Opponents also objected to districts they said were too large or too partisan, or in the case of ethnicity, not Hispanic enough. Hispanic and Latino community representatives in particular turned out to pan the Democratic proposal, saying it weakened their voting strength in specific districts even as it incorporated increased numbers for Hispanic and Latino residents overall.
“I think that there are a lot of suggestions that probably will make their way into the legislation,” Sen. James Ohrenschall, D-Las Vegas, the Senate redistricting committee chair, said ahead of the committee’s vote. “But with the special session and timing (being) of the essence … I think it’s important that we keep this bill moving.”
Voting no, Sen. Heidi Gansert, R-Reno, whose district would see a seven-percentage-point shift in voting strength from Republican to nonpartisan voters, objected to what she called the “disenfranchisement” of a segment of Washoe County residents who would be moved into a much larger multicounty district to the north and east.
All proposed redistricting plans derive from census data that saw Nevada’s population became both more urban and more diverse between 2010 and 2020, increasing by 15 percent overall.
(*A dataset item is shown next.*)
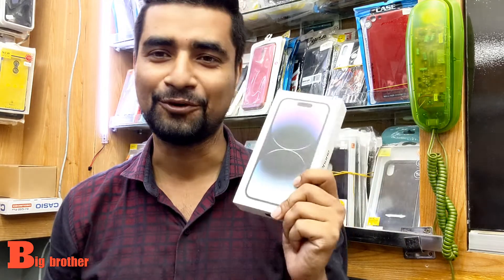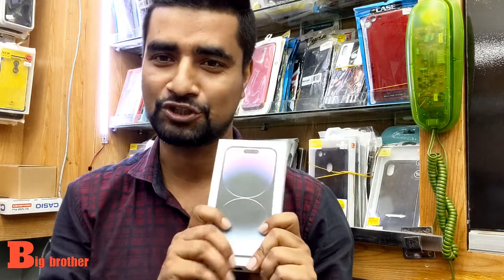Hello everyone, how are we doing? iPhone 14 Pro, Deep Blue, 265 variant.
As measured by the census, Nevada is now the third-most diverse state in the country, behind Hawaii and California.
In redrawing lines to account for minority populations, redistricting plan writers walk a line between proposing districts that might contain too high a concentration of racial or ethnic minorities — a practice known as “packing” — or that dilute minority voting strength in any one district by dispersing their numbers over several districts, known as “cracking.”
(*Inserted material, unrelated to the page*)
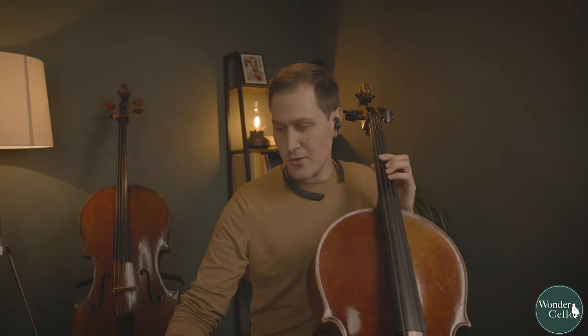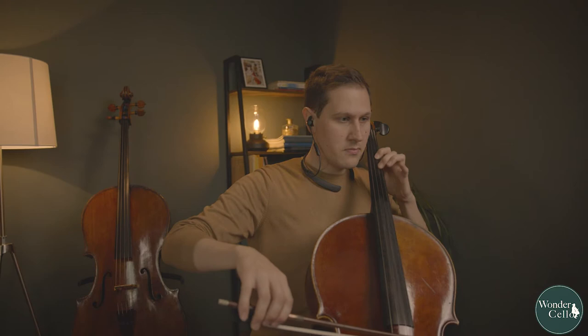And with the normal volume buttons I'm controlling the volume of the recording I'm listening to and want to play together with. Now it's a perfect balance, so I will just start the recording from the beginning and play along with it.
At the same time, plan writers also need to balance for overall population size and attempt to draw districts that conform with municipal boundaries and designated communities of interest.
All of Nevada’s proposed plans also show partisan makeup, based on state voter enrollment data, and give an indication of actual competitiveness based on results of recent closely contested partisan elections.
The Republican legislative minority, whose own redistricting plans got only passing attention in committee Saturday, criticized the Democrats’ plans on multiple grounds, including excessive municipal divisions, excessive partisanship and ethnic group dilution. They said the Republican plan created more Hispanic-friendly districts than the Democrats’ plan and accused Democrats of “clear partisan intent” to draw Democrat-weighted lines.
“The minority plan has less deviation and is more accurate, increases political competitiveness, diversity, and maintains compact geography,” Senate Minority Leader James Settelmeyer, R-Minden, said in a statement.
Democrats for their part took aim at the Republican plan for congressional districts, saying in a statement that it packed minorities into as few districts as possible to “isolate and weaken” their political clout.